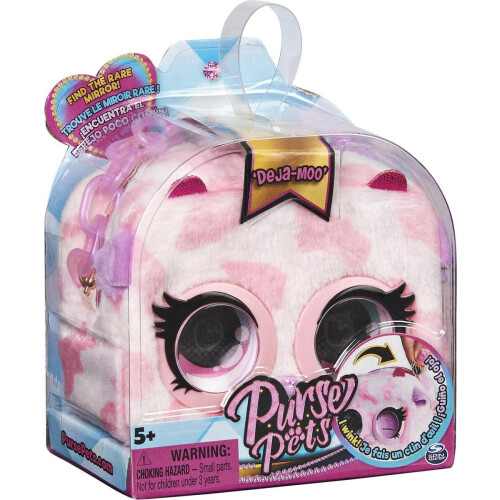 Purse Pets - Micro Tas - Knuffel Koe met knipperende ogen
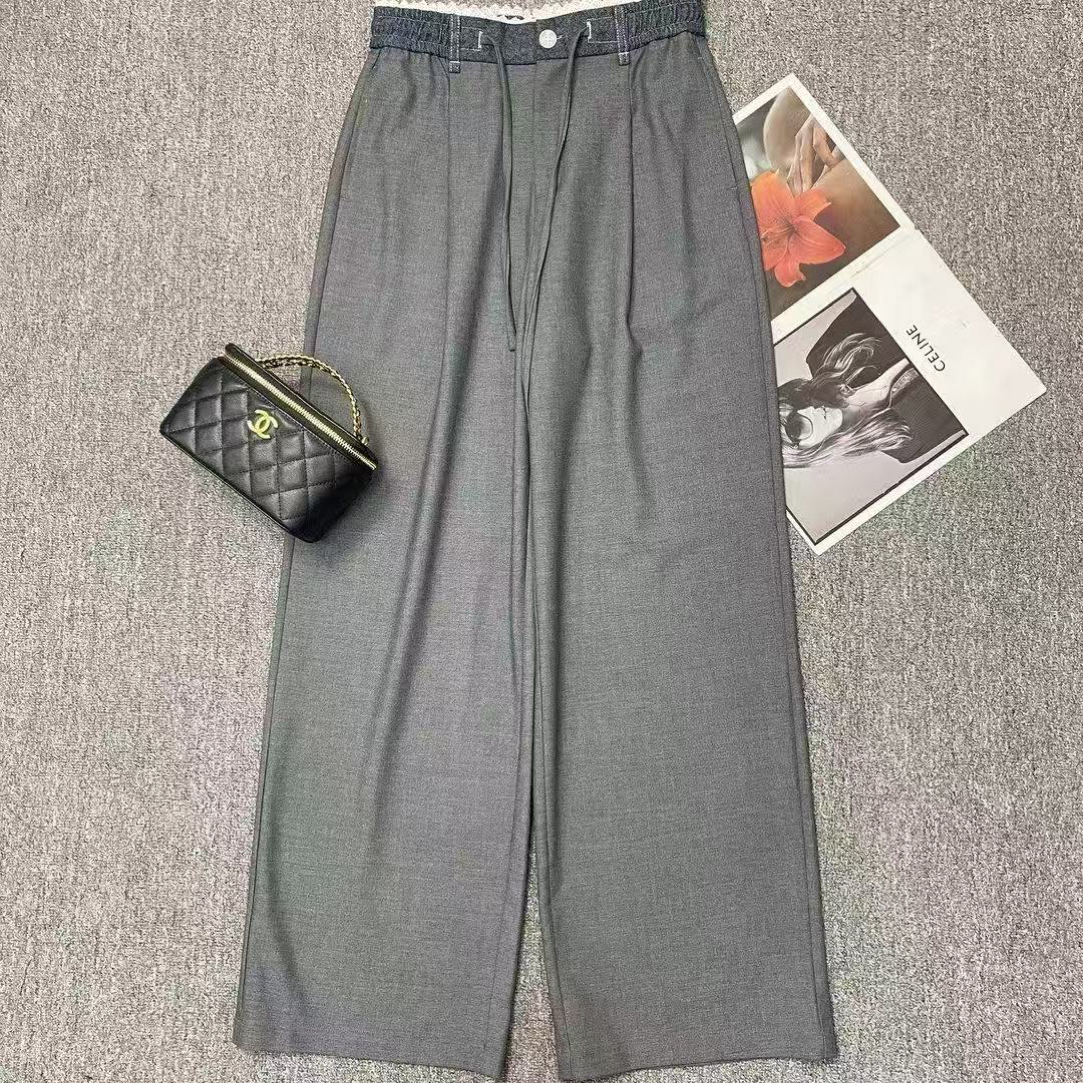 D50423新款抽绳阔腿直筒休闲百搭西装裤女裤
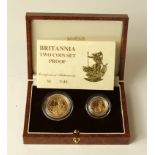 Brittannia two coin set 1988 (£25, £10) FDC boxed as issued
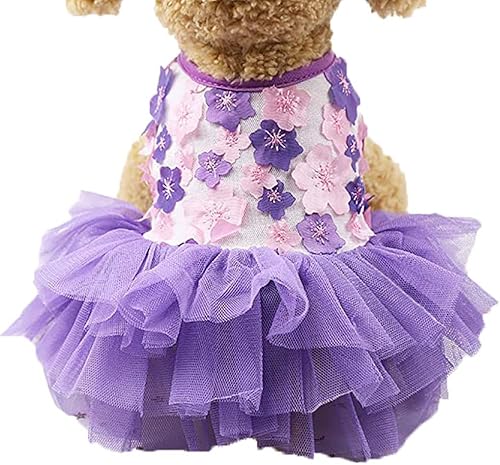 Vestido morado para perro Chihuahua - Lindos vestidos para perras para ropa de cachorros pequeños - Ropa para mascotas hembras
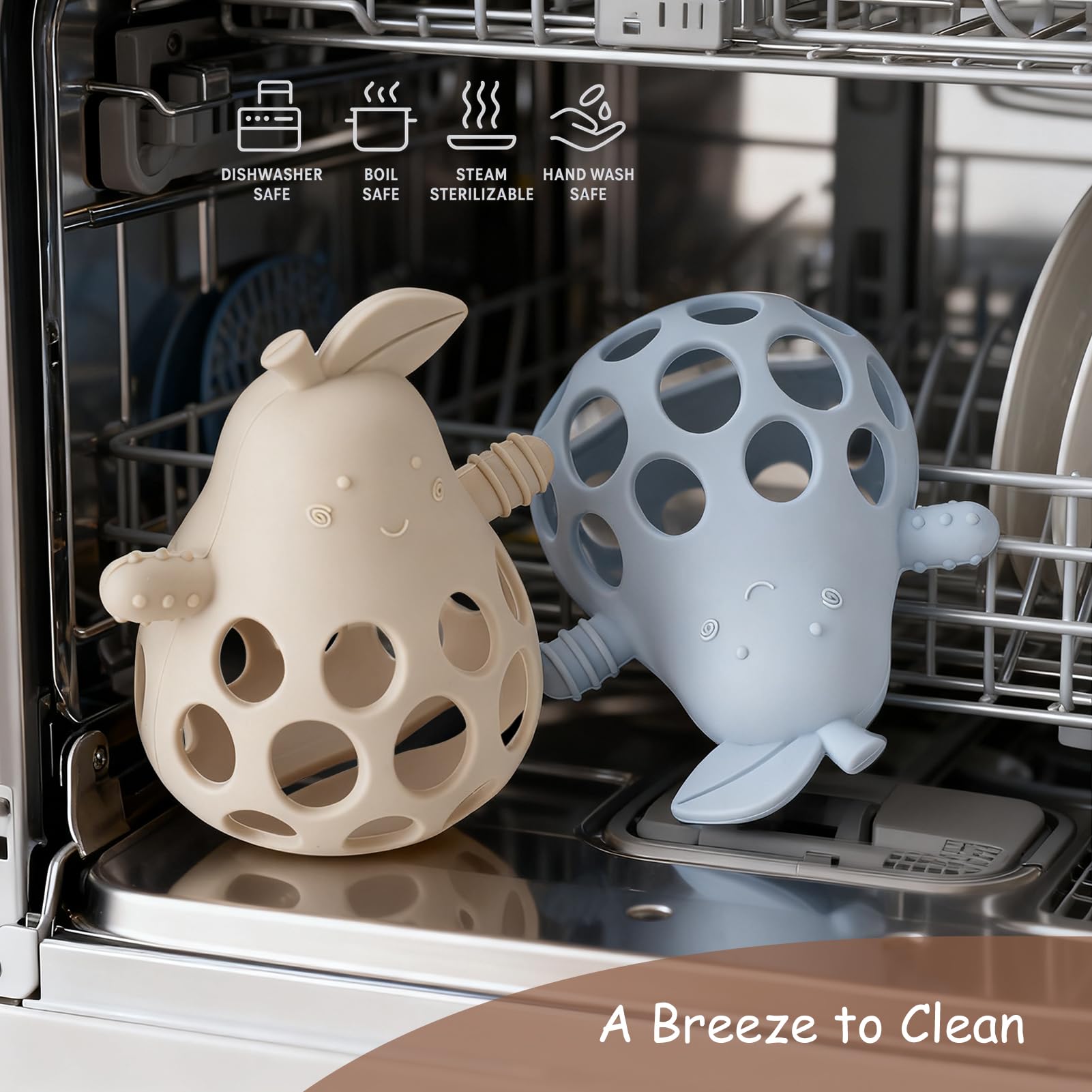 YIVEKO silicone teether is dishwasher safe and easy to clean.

:::

▶ [Exercise requirements]: Your copy should match the data exactly, apart from the images, which are dropped.

▶ [Reply to the exercise]:
 Purse Pets - Micro Tas - Knuffel Koe met knipperende ogen
 D50423新款抽绳阔腿直筒休闲百搭西装裤女裤
 Brittannia two coin set 1988 (£25, £10) FDC boxed as issued
 Vestido morado para perro Chihuahua - Lindos vestidos para perras para ropa de cachorros pequeños - Ropa para mascotas hembras
 YIVEKO silicone teether is dishwasher safe and easy to clean.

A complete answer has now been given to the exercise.